Imagine you and I are playing Bruno Faidutti’s Citadels.
I am the assassin and can murder a character of my choice. You, knowing I have the assassin and will try to murder you, must choose between 2 characters: one that will award a symbolic value of ‘1’ if not murdered (say, the thief and I have no money), and one that will award the much stronger symbolic value of ‘3’ (say, the warlord and you have several red districts). I will not know which one you chose when I announce my target, and your symbolic value will be ‘0’ if I murder you. Which character should you choose?
According to game theory, an equilibrium strategy would involve randomly choose one using a probability model of 75% for 3 and 25% for 1, assuming no prior data about a specific opponent. Equilibrium for the assassin would involve randomly choose murder using a probability model of 75% for 3 and 25% for 1, assuming no prior data about a specific opponent.
I believe it is fair to say that if two computers, using these strategies, played a game out like this, the end result would essentially be decided by chance (after compensating for first player advantage).
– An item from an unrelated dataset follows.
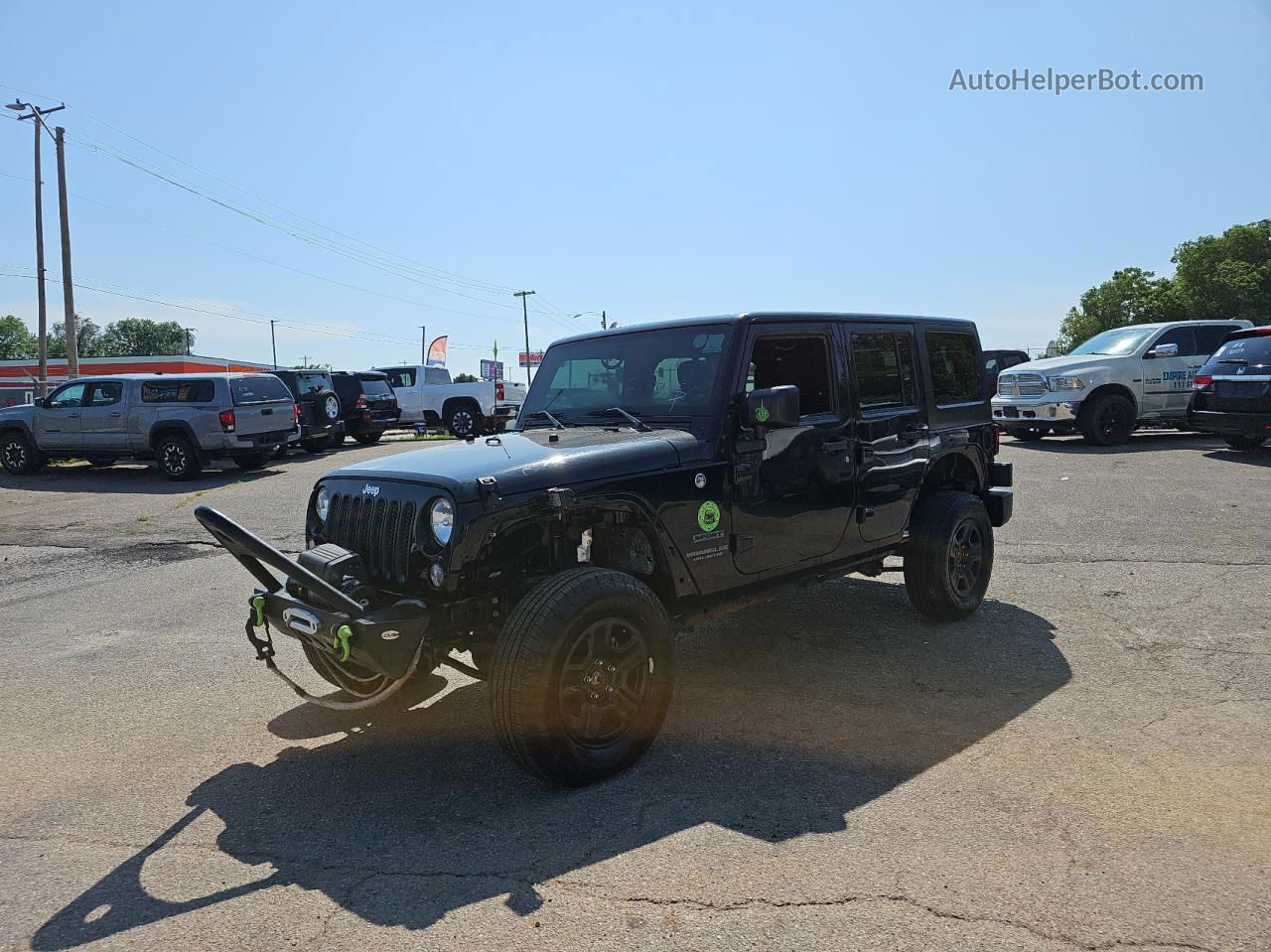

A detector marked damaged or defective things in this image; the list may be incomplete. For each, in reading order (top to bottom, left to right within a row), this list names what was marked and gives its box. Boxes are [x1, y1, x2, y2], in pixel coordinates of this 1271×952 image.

There are those that have argued the counter-intuitive point that when people make these sorts of choices it is also decided by chance. The argument goes something like this: while both players make their choice for particular reasons, they have no substantive grounds for believing that their opponent will choose one character over the other. This is justified since actual gamers don’t generally decide their moves based on probability rolls or equilibrium strategies. Rather, both players are making decisions based on phantom data (the presumed move of their opponent), and because of this, their own decisions are effectively random.
I am going to attempt to build a case against this argument.
My first piece of evidence is that some players are measurably better and worse at these sorts of challenges. The worse assassin and non assassin players tend to choose each of the options roughly half of the time, while the better assassin and non assassin players will favour choosing the ‘3’ much more often than the ‘1′ (closer to the equilibrium model). The weaker players likely do this because they are primed to consider all options equally, even when results are wildly unequal, merely by the availability of the choices. Bomber is a simple game that quickly reveals the folly of this sort of thinking.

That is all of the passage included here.